I have used my 124G with an 89B (695 nm cutoff) and didn't really worry about it; unlike the earlier IR films, the light spectrum for today's IR films barely extends outside the visible spectrum and as such I don't think compensation is that important. Now I admit that is an opinion, not carefully researched fact.
That said, I think on many lenses the IR adjustment amounts to using approximately the next depth of field mark toward closer focus as the indicator mark.

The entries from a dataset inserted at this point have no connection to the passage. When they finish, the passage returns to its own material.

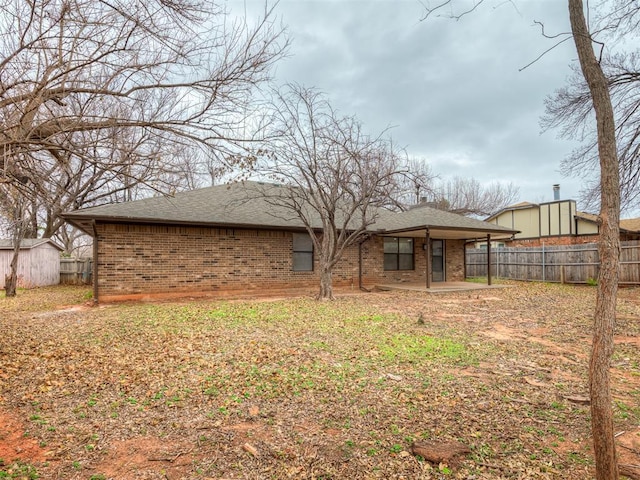 back of house featuring a patio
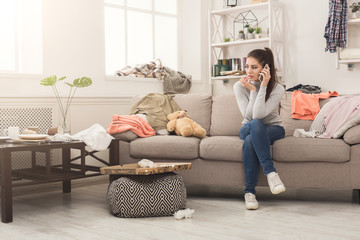 Desperate woman sitting on sofa in messy room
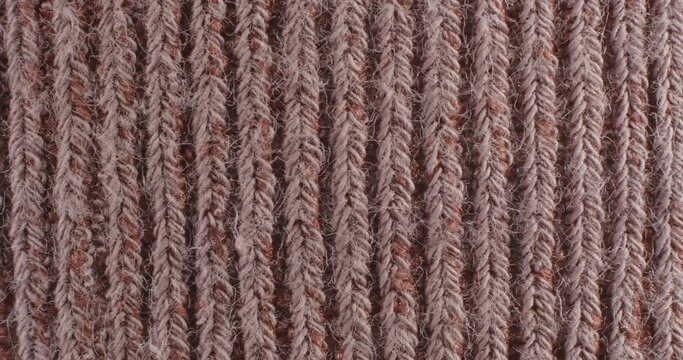 The texture of the knitted part is close-up. Macro fragment. Brown background.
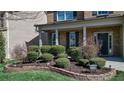 Landscaped front yard with neatly trimmed hedges and a stone retaining wall with the house number 209 at 209 Providence Walk Ct, Canton, GA 30114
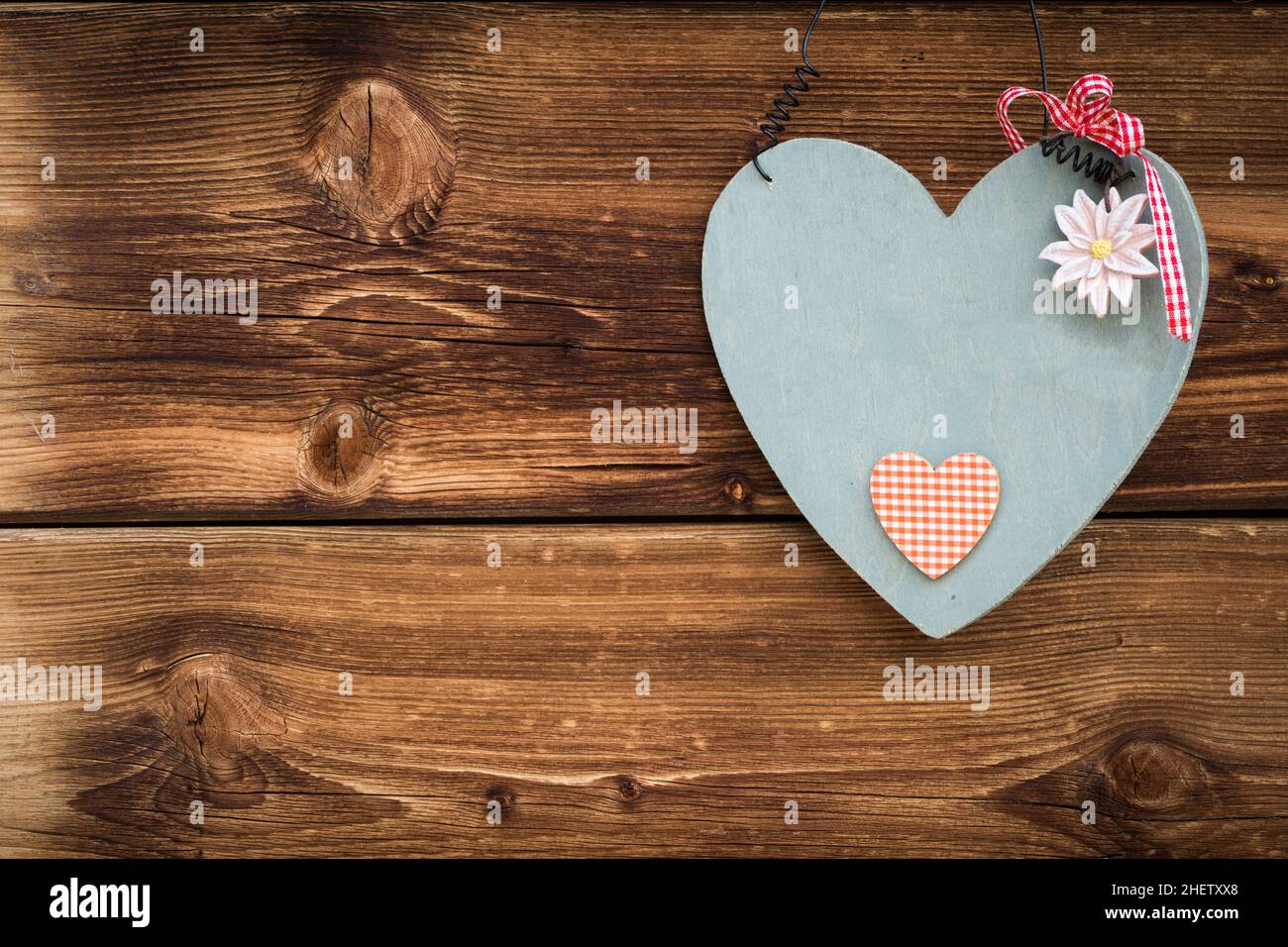 wooden grey heart with edelweiss on sun burned wood planks Stock Photo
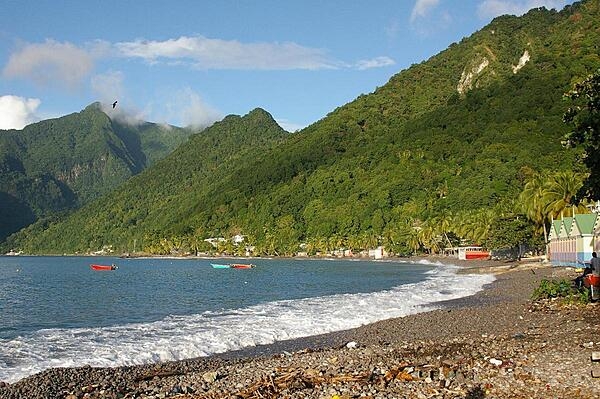 View of the south side of the island. Dominica features lush mountainous rain forests, and is the home of many rare plant, animal, and bird species (including the Sisserou Parrot featured on its flag).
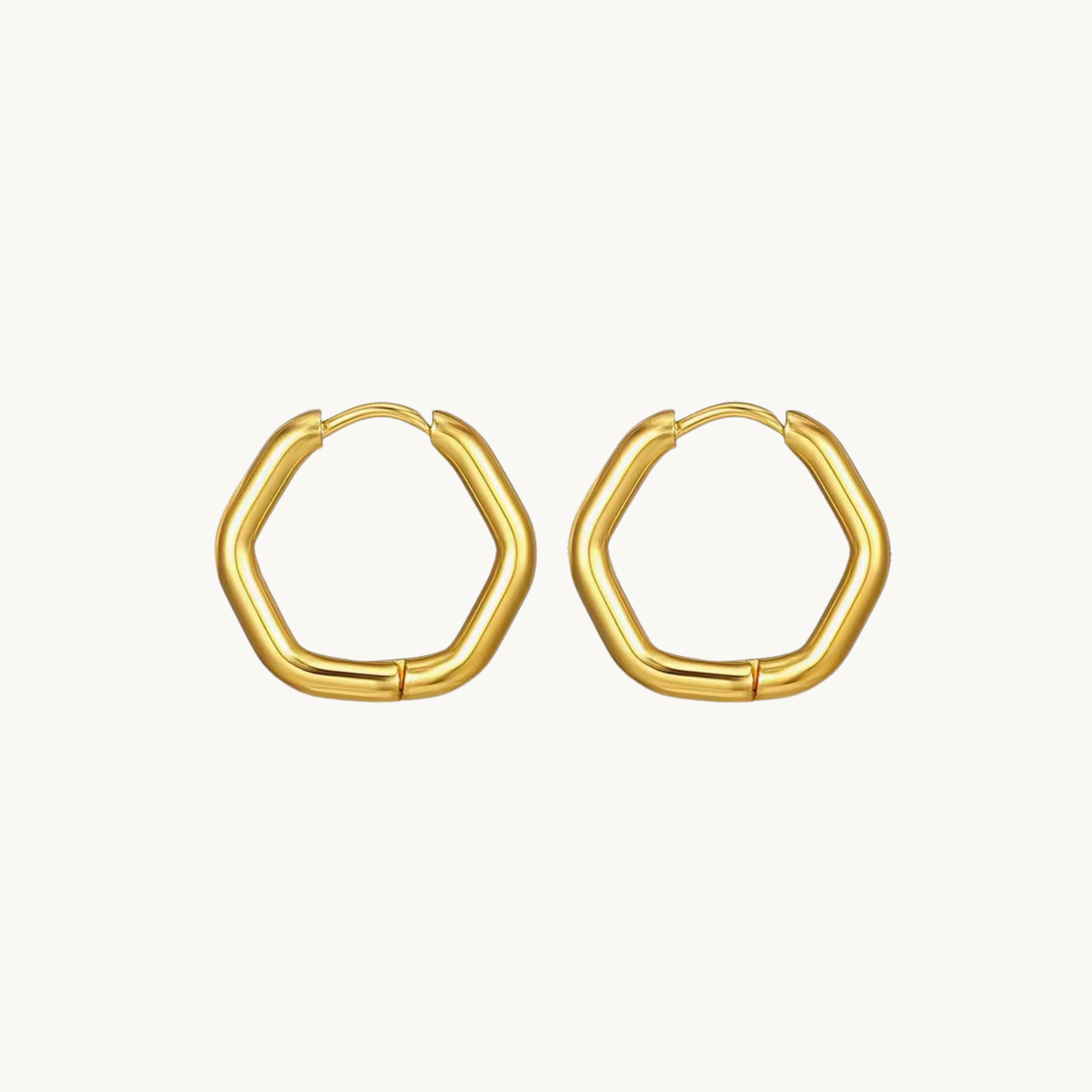 Gold hexagon hoop earrings with a smooth rounded geometric silhouette and polished finish for contemporary styling by ZARIVA.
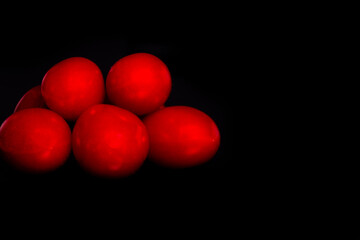 bunch of isolated cherry tomatoes on a black background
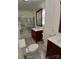 Stylish bathroom with double vanity, marble countertops, and a glass-enclosed shower at 514 N Main St, Mount Gilead, NC 27306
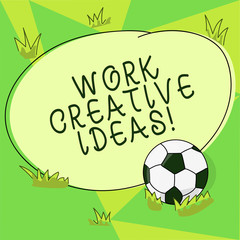 Conceptual hand writing showing Work Creative Ideas. Business photo showcasing has ability to invent and develop original thoughts Soccer Ball on the Grass and Blank Round Color Shape photo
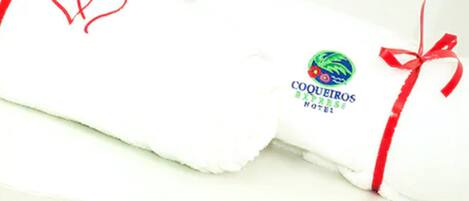 A white hotel pillow with a logo and text 'COQUEIROS PRESS HOTEL'.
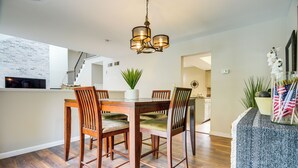 Un coin repas avec une table et des chaises en bois, un lustre et une plante.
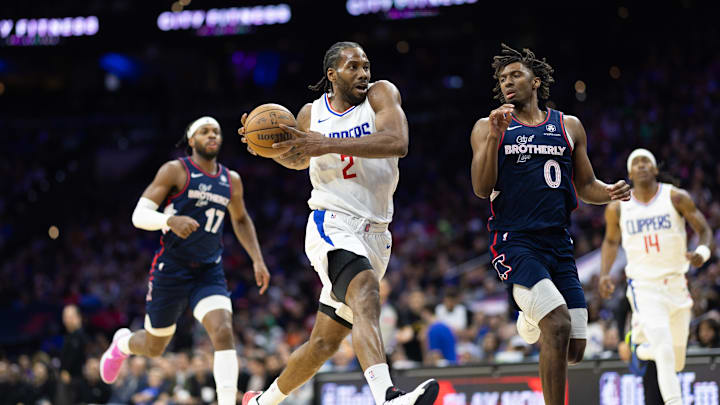 Mar 27, 2024; Philadelphia, Pennsylvania, USA; LA Clippers forward Kawhi Leonard (2) drives for a shot against Philadelphia 76ers guard Tyrese Maxey (0) during the third quarter at Wells Fargo Center. Mandatory Credit: Bill Streicher-Imagn Images
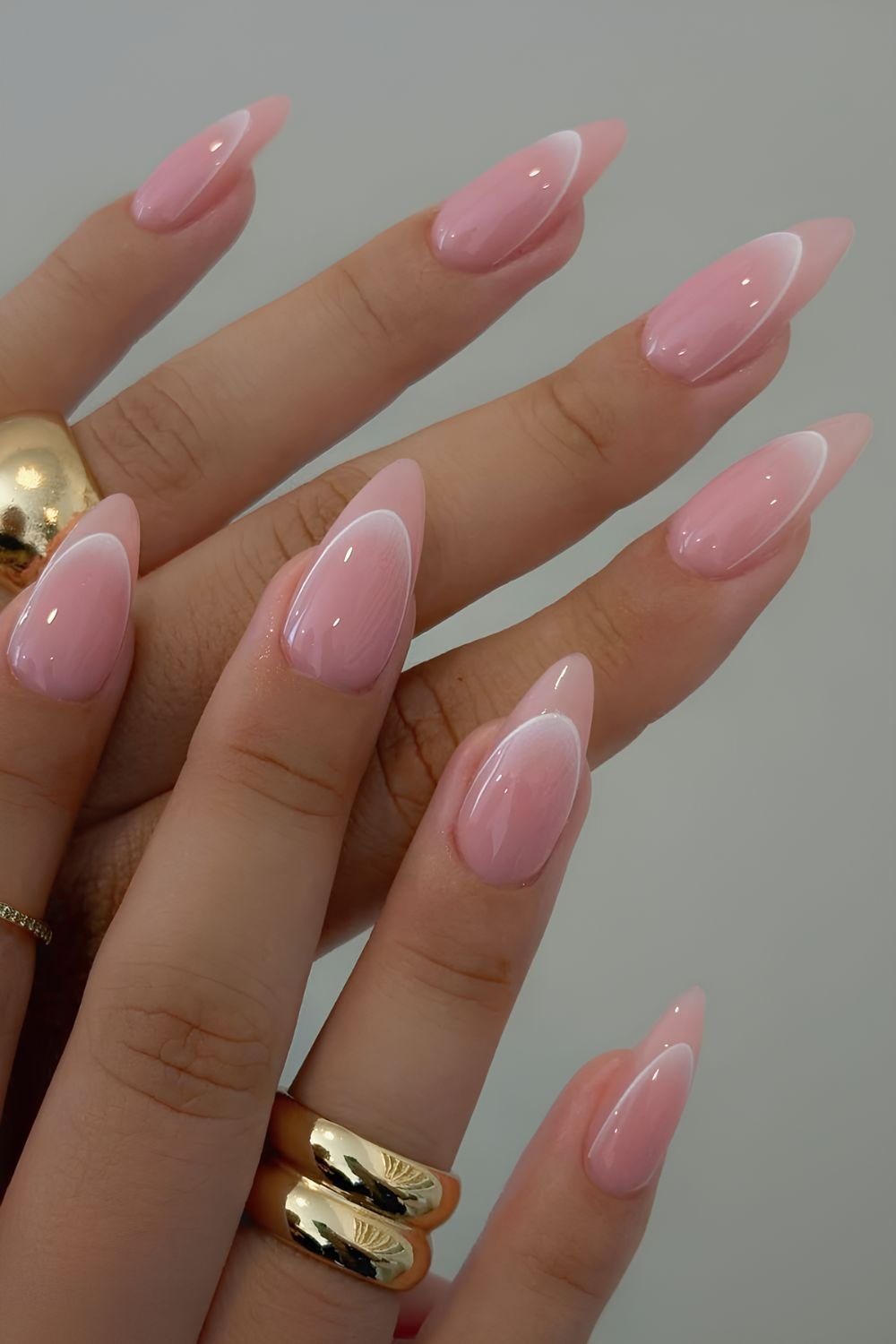 Neutral pink nails with white French tip outline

The 1960 edition of Rollei: The Practical Accessories mentions "ground-in focus compensation." What that means in practice, well, who knows.I managed to find the Rollei IR filter in bayonet 1 size for my Rolleicord. It was new and came from Mr Cad in Croydon England. It was expensive( about 50GBP). It is quite opaque, like an IR720 and gives good results with the Rollei film. I have heard that it is "focus-corrected" but I have never seen this in any Rollei publication. I have used it for landscape, and therefore have not seen the effect with the lens at large apertures. The shots I have are in focus without making any adjustment. In many ways the TLR is the ideal IR camera as you can work with the filter in place and see to compose/focus.
I'm shooting handheld ir portraits and they are focus critical, I'm getting clearly unsharp results at close distances. I'll try the dof trick. I wish ir film wasn't more expensive.
It just occurred to me to wonder what sort of shutter speeds you wind up with? I might suspect some of the focus problem working hand held could be camera motion given what I recall of my exposures; ISO 6 or whatever is not perzactly fast. Of course, I was using a tripod. Maybe a couple of test shots with a solidly anchored camera to isolate variables would be useful. Shoot a yardstick angled at 45º to the lens axis; focus at the middle and see where the results fall.
It does feel sort of perverse that the film that seems to need the most experimentation costs substantially more than the ordinary stuff! :confused:
Leslie Stroebel recommends focusing, and then increasing the lens-to-film distance by 1/400th to correct the focus for infrared film.
This is the reason that the adjustment is much smaller for the current films (with a peak sensitivity near 720nm) then with the old HIE (with a peak sensitivity nearer 850nm).
Guys...
The math is great if i'm shooting still life or landscapes or LF but it won't fly on a model shoot with a TLR.